Intro

As a C++ enthusiast, I constantly pursue better performance. Reducing memory copy during returning a value(especially for large objects) is an important but not that well-known topic. I spent some time figuring it out. Today I will try to explain it to you in detail. I will cover a few contents before C++11, but the main focus is the practice under modern C++.

Before C++11

In the old C++ days, only a few techniques are available. One of the most famous ones is return value optimization(RVO) which belongs to a larger category called copy elision. Although it’s not noted in standard, it’s been a significant feature supported by most compilers since C++98. Simply put, RVO is something that eliminates unnecessary copying during construction. I will talk about it later. Remember, it only happens when calling a constructor. Also, unfortunately, it’s not a mandatory optimization at that time, so developers can’t entirely rely on it.

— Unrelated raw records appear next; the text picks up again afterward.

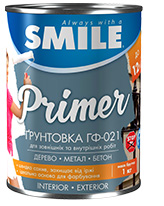 Грунт ТМ " Smile " ( Смайл )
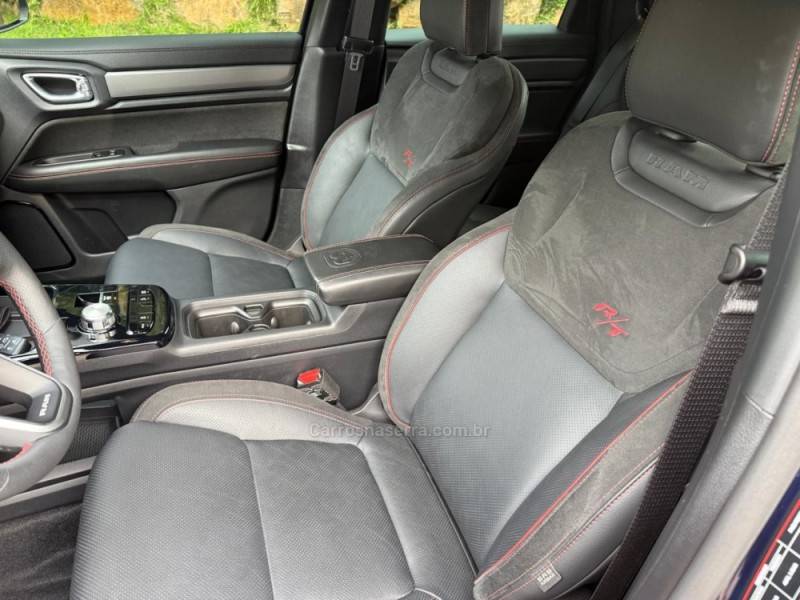 RAM - RAMPAGE - 2025/2025 - Azul - R$ 238.000,00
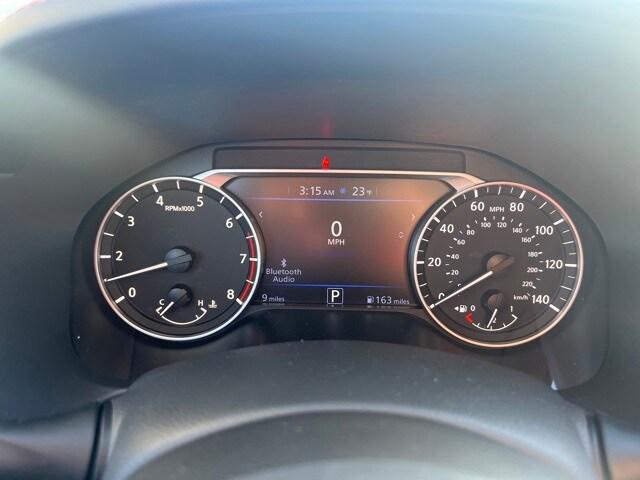 2024 Nissan Altima SR FWD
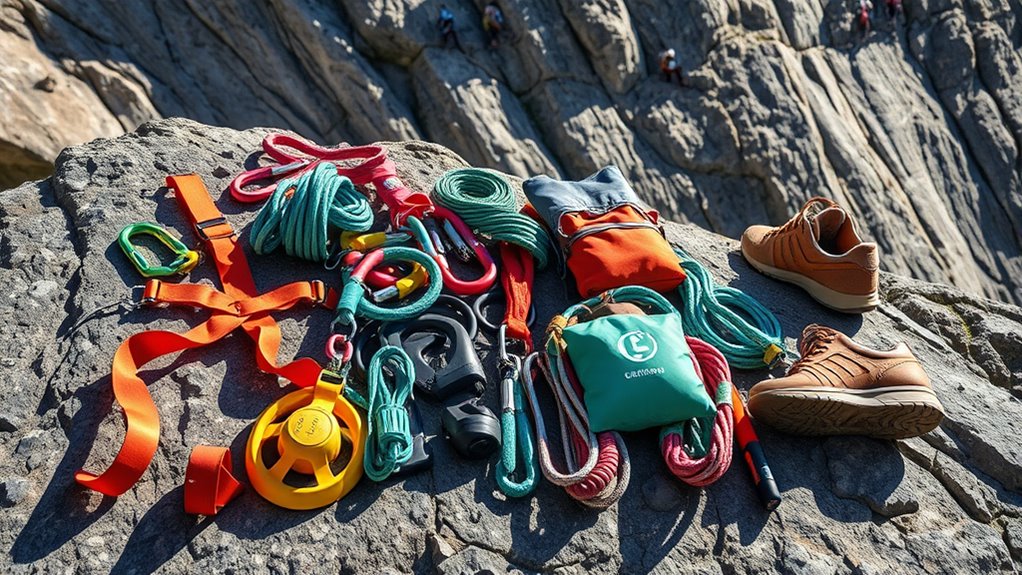 top climbing gear bundles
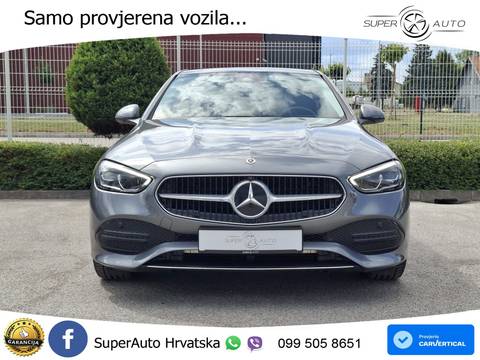 2022 Mercedes-Benz C-klasa — sličica 2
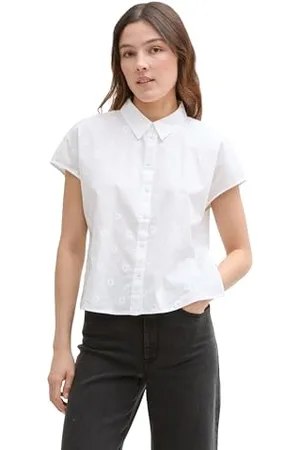 TOM TAILOR Damen Bluse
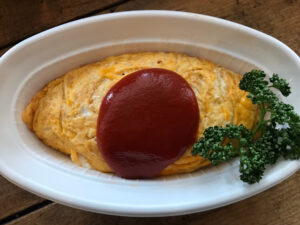 人気メニューの弁当を用意 洋食「ウオカネ」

If you want to reduce copy in the assignment, returning value by parameter is a choice. For example,

// former
std::vector<int> join(const std::vector<int>& v1, const std::vector<int>& v2) {
  std::vector<int> res;
  ...
  return res;
}
std::vector<int> merged_vec;
if (cond) {
  merged_vec = merge(v1, v2);
} else {
  merged_vec = merge(v1, v3);
}

In this case, you can’t directly construct a merged_vec from the function. You can do it like this.

std::vector<int> join(const std::vector<int>& v1, const std::vector<int>& v2,
                      /*output*/std::vector<int>& res) { // or std::vector<int>*
  std::vector<int> res;
  ...
  return res;
}

Passing the return value by non-const reference or pointer also reduces unnecessary copy. Sometimes it’s called output parameter, and some people think it’s not a good practice for modern C++. If you’re interested, see TotW #176.

Modern C++

Things become a little complicated starting C++11 since move semantics is introduced. It’s a technique that allows transferring the content of objects other than doing a copy. But I’ll start from RVO because it would still be your first choice.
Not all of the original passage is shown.